As the new auth servers get added to the cluster and the old
servers get decommissioned, nodes and proxies will refresh the list of
available auth servers and store it in their local cache
`/var/lib/teleport/authservers.json` - the values from the cache file will take
precedence over the configuration file.

We'll cover how to use etcd, DynamoDB and Firestore storage back-ends to make Teleport highly available below.

Teleport Scalability Tweaks

When running Teleport at scale (for example in the case where there are 10,000+ nodes connected to a cluster via node tunnelling mode, the following settings should be set on Teleport auth and proxies:

Proxy Servers

These settings alter Teleport's default connection limit from 15000 to 65000.

# Teleport Proxy
teleport:
  cache:
    # use an in-memory cache to speed up the connection of many teleport nodes
    # back to proxy
    type: in-memory
  # set up connection limits to prevent throttling of many IoT nodes connecting to proxies
  connection_limits:
    max_connections: 65000
    max_users: 1000

Auth Servers

# Teleport Auth
teleport:
  connection_limits:
    max_connections: 65000
    max_users: 1000

Using etcd

Teleport can use etcd as a storage backend to achieve highly available deployments. You must take steps to protect access to etcd in this configuration because that is where Teleport secrets like keys and user records will be stored.

!!! warning "IMPORTANT"

`etcd` can only currently be used to store Teleport's internal database in a highly-available
way.

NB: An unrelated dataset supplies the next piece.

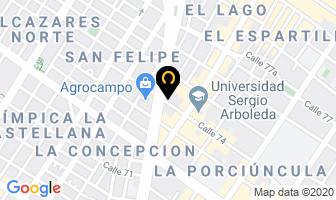 Mapa de Simetria S.a. en Bogotá D.C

This will allow you to have multiple auth servers in your cluster for an HA deployment,
but it will not also store Teleport audit events for you in the same way that
[DynamoDB](#using-dynamodb) or [Firestore](#using-firestore) will.

To configure Teleport for using etcd as a storage back-end:

  • Make sure you are using etcd version 3.3 or newer.
  • Install etcd and configure peer and client TLS authentication using the etcd security guide.
  • Configure all Teleport Auth servers to use etcd in the "storage" section of the config file as shown below.
  • Deploy several auth servers connected to etcd back-end.
  • Deploy several proxy nodes that have auth_servers pointed to list of auth servers to connect to.
teleport:
  storage:
     type: etcd

     # list of etcd peers to connect to:
     peers: ["https://172.17.0.1:4001", "https://172.17.0.2:4001"]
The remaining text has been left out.